Imploding Images, Charlotte Fogh Gallery, 1/3-30/03 2019.  
In 'Imploding Images' Iben Toft Nørgård exposes the boundaries as she transgresses them. Illustrations are deconstructed and paper is examined as a carrier of information. The pieces contain a slow and meticulous conversation between the artist and the paper, concerning unison and motion in an image that collapses into itself.

An auto-anthropological piece of sorts, with the title 'Decennium', is central to the exhibition. The piece consists of margins that Nørgård has cut out and collected over the last 10 years from the material she uses in her work. The point of departure of the pieces in the exhibition is exactly that: The cut-off. 'Imploding Images' is an artistic experiment where all pictorial material is removed, and only the cut-offs remain with a narrow contour from the cut-away picture as a line in a new.
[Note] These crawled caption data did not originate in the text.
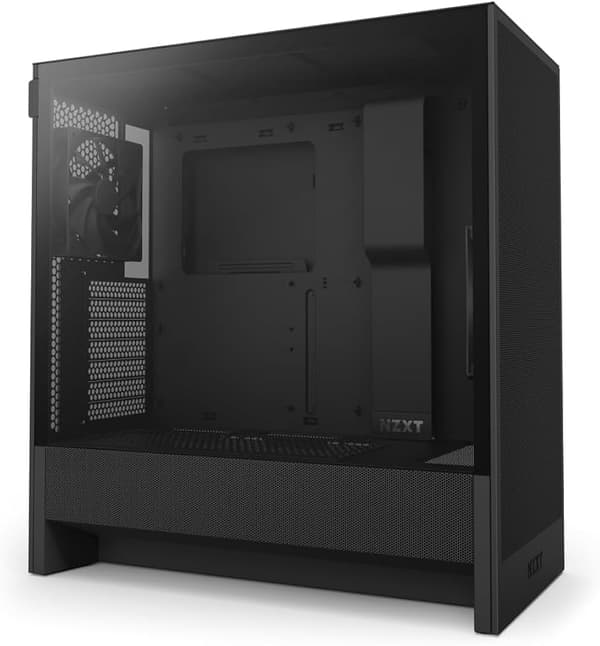 NZXT H series H5 Flow Tower Udvidet ATX svart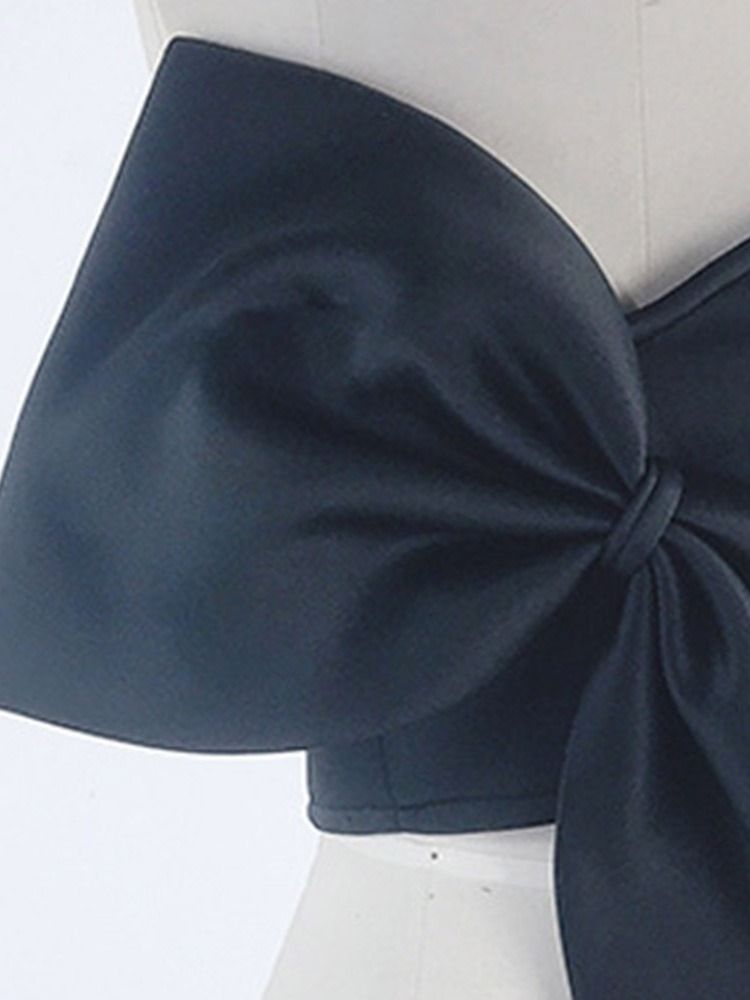 Kort Linne För Kvinnor Med Lindad Bröstbehå I Polyester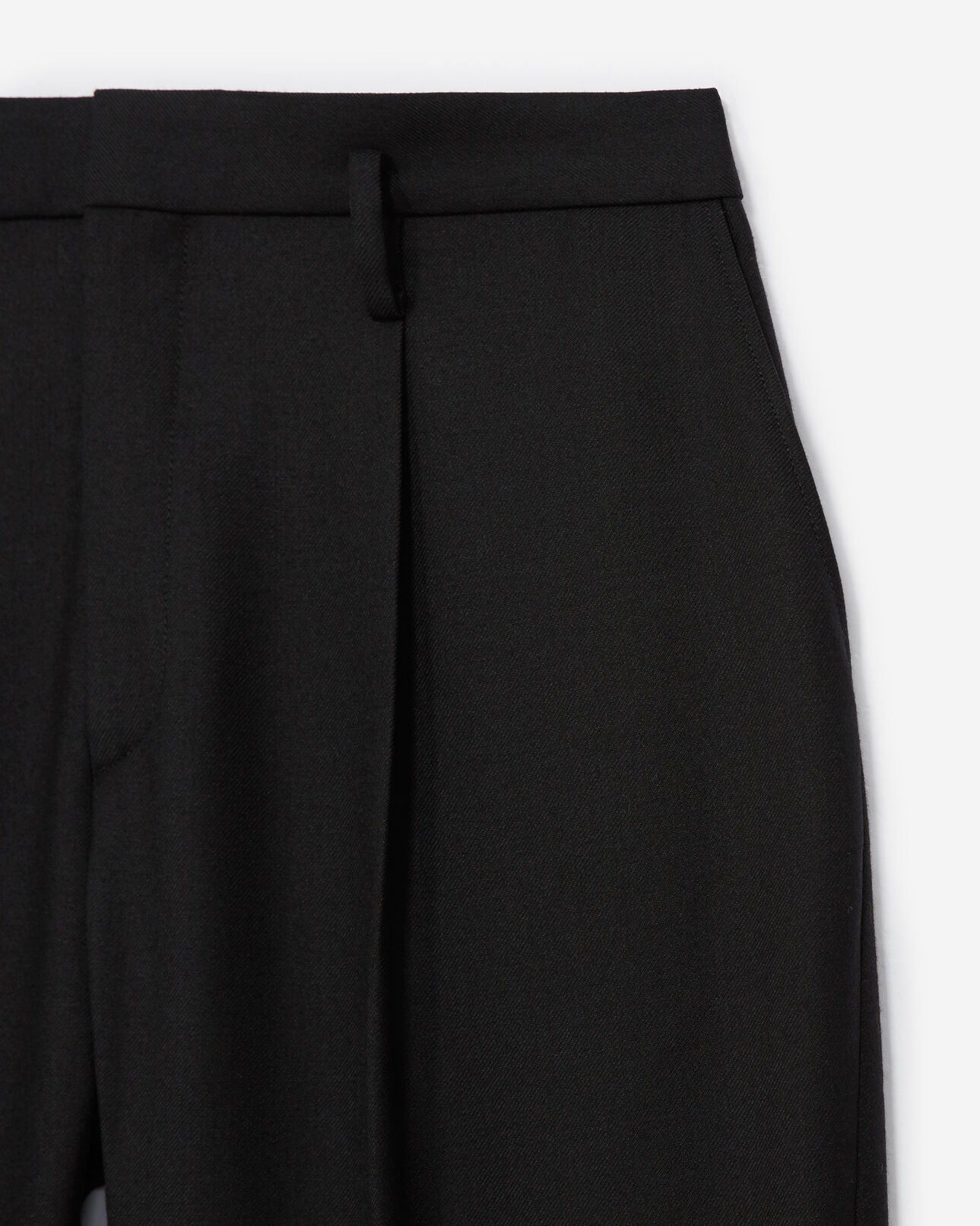 The Kooples MEN BLACK black pants with removable belt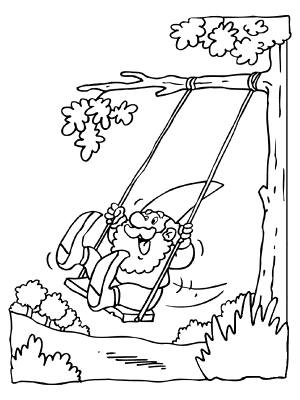 Swinging-Gnome-Coloring-Page (kids)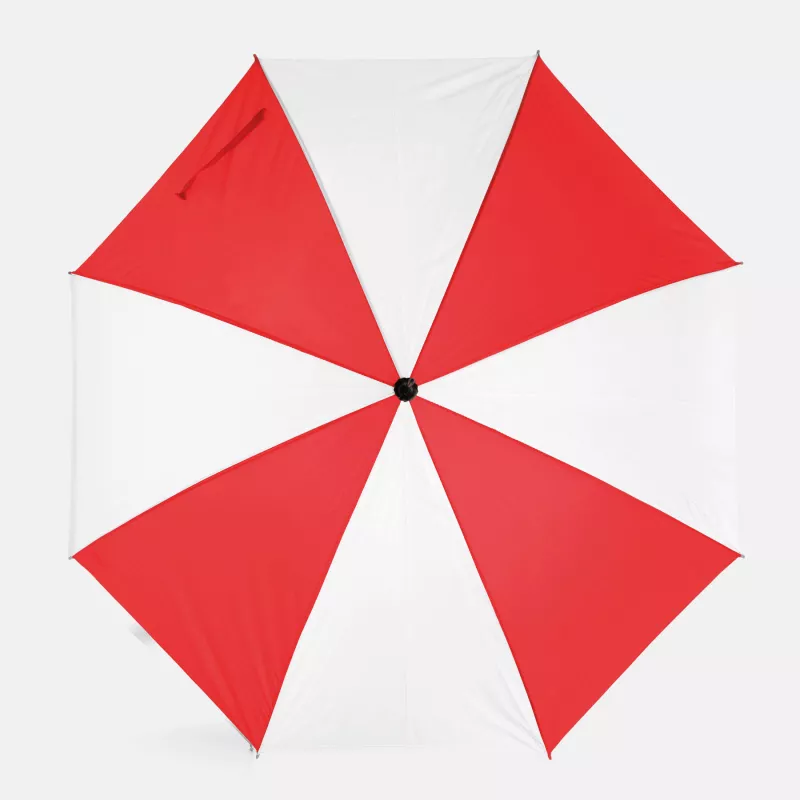 Automatyczny parasol - biały, czerwony (56-0103011)
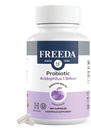 FREEDA Acidophilus Probiotic 1 Millioner CFU - Lactobacillus Acidophilus med Organic Inulin & Blue Agave - fordøjelsesmæssig sundhed, regelmæssighed og immunforsvar - Vegan, Kosher, Non- GMO (100 kapsler)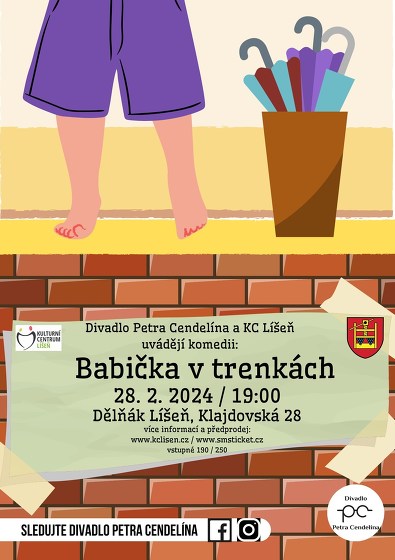 Plakát události Babička v trenkách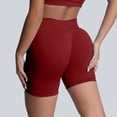 thumbnail image 2 of Womens Gym Shorts Ladies Workout Seamless Scrunch Lifting Shorts High Waisted Gym Yoga Basketball Shorts Women Red M, 2 of 5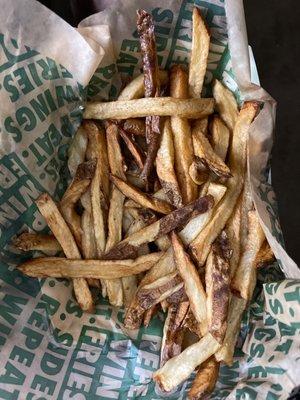 Burnt french fries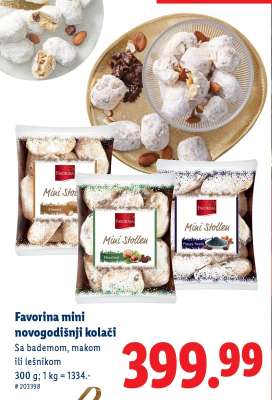 Favorina mini novogodišnji kolači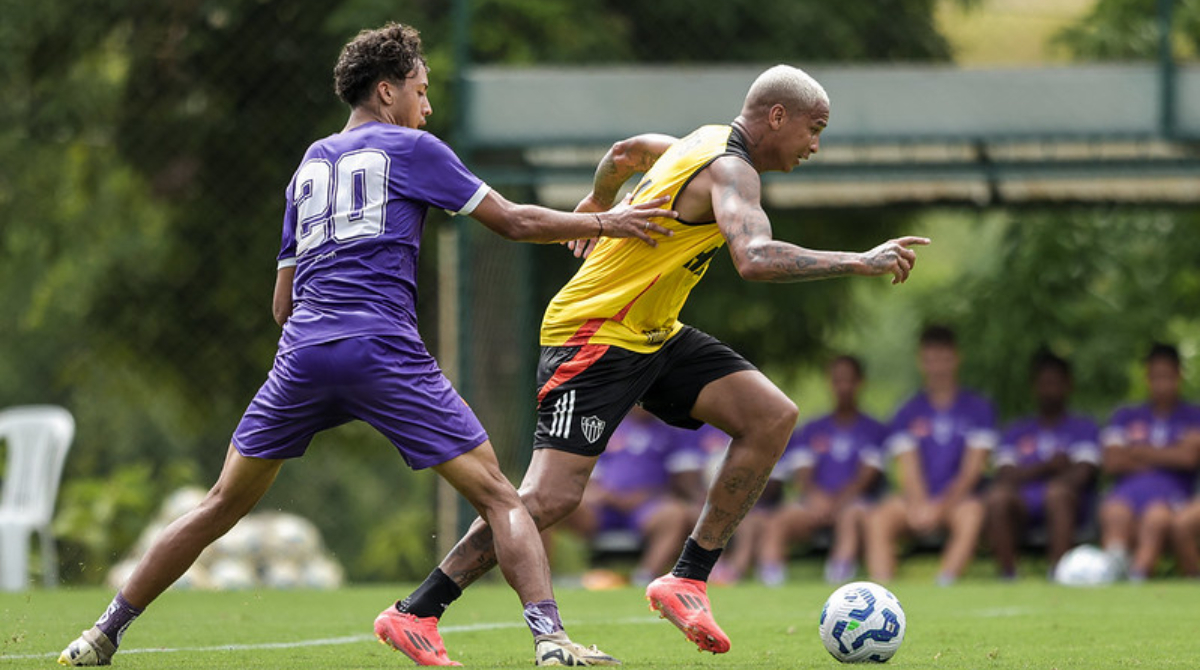 atlético jogo treino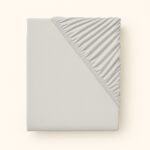 Michalsky Jersey fitted sheet, 90–100 x 200 cm (gray)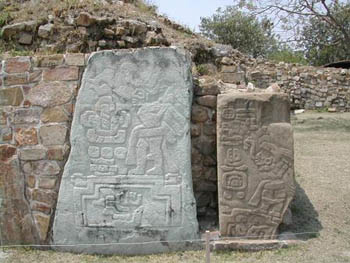 Zapotec stone carvings at Monte Alban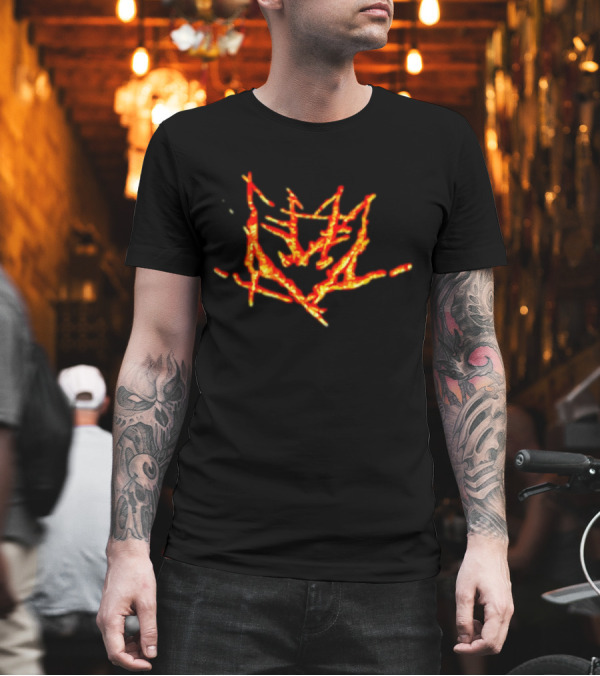 Transformers One Megatronus Brand Flame Emblem T-Shirt Transformers One Megatronus Brand Flame Emblem T-Shirt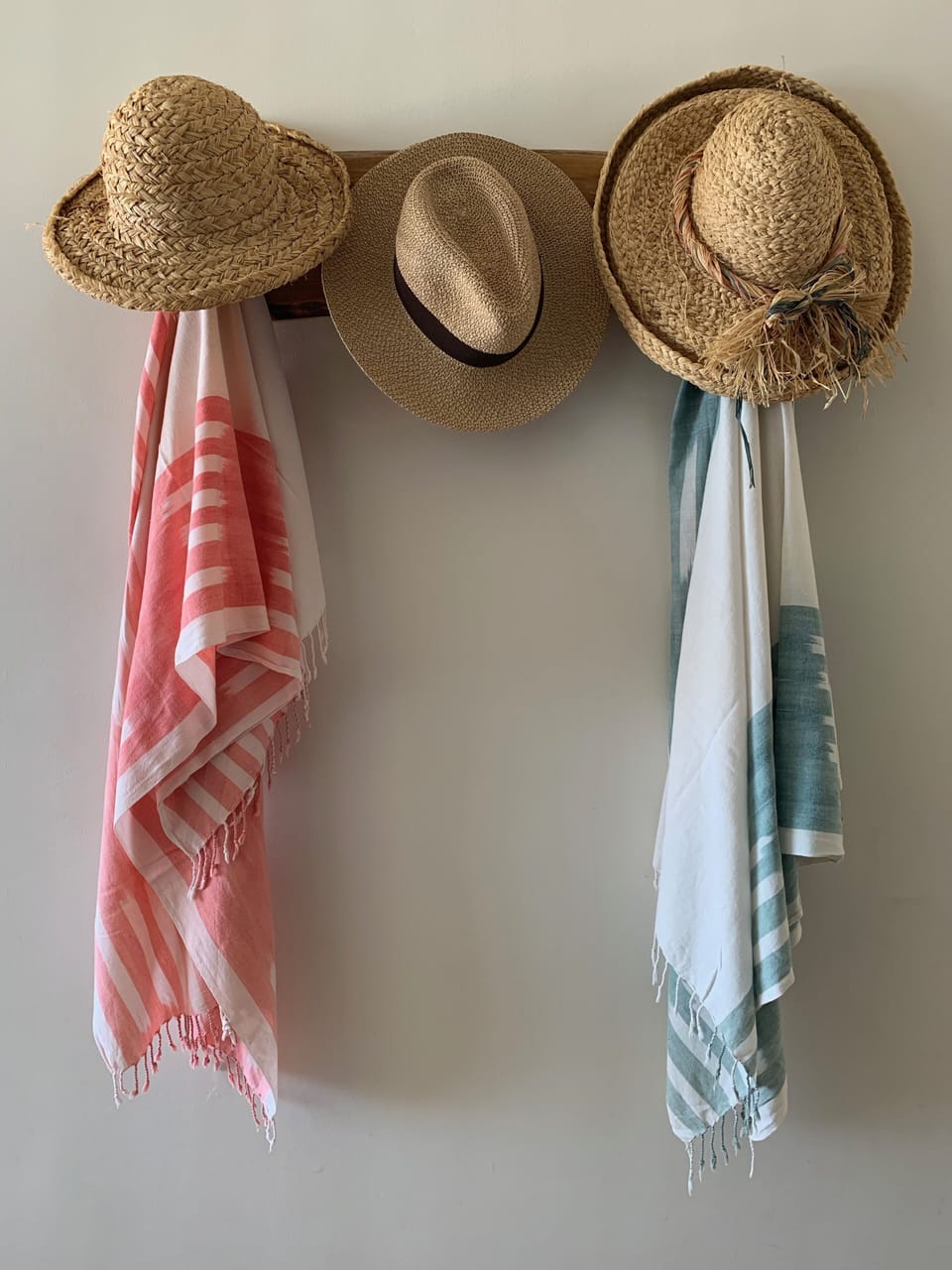 A summer wardrobe on the wall at the entrance to  bedroom 1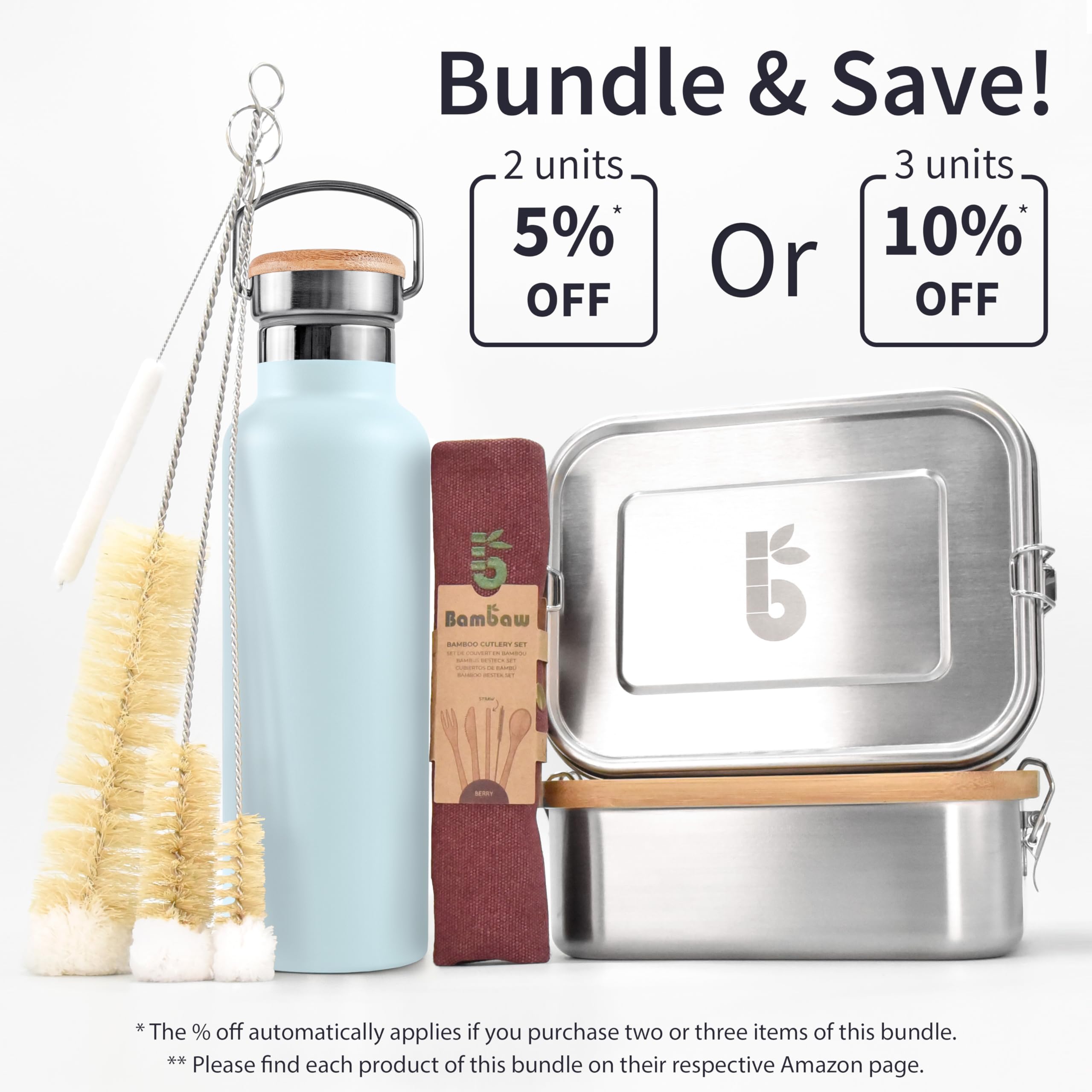 Bambaw portable 32oz bottle ideal for on the go hydration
With this experiment Nørgård has reworked new material for the series of pieces un-ostentatiously titled 'White'. This body of work explores what can be said with the cut-off, the gap, the hole, and tells about learning to feel at home in the trembling tension of the in-between. 

Nørgård has sought to deconstruct her well-known language, asking questions to the paper, listening to the material - to the mistakes. Through this circular extrication of control, one work has morphologically shaped itself out of the other. Splitting has been a specific take on challenging symmetry while still retaining a few tremors and shimmers from the source material to emphasise the subtle colour differences in the contours. The white cut-offs have been layered in height which raises the pictures sculpturally, and in the distances between these layers innumerable tones of grey form in the shadows.

Through a number of years Nørgård has critically examined the human structuring of nature in illustrative encyclopedias. These art pieces are masterfully executed three-dimensional collages using colourful flora- and fauna plates as source material. She uses this as a focal point for an, almost hidden, disintegration of the systems as a silent resistance against them. This way she has worked with creating an illusion only to reveal it herself. Through the recognisable she invalidates authenticity to show a connection and a unity between human, animal, plant and landscape.

With 'Imploding Images' Nørgård invites us to examine the seemingly blank paper more closely. The natural movement and self-organising forces in the paper has been given space in the pieces; The organic plant fibers pull the joints, and unpredictable arches and waves form through fixation of the layers. The strengths and fragilities of the material dramatise a narrative about the relationship between picture and meaning as being complex and unstable. The fundamental basis of the art pieces are tiny little units that at first sight are insignificant, and through them patterns and processes of far more profound reach are established. Where the shape of each cut-off actually can be recognised by careful inspection, it is assembled to an abstract scale.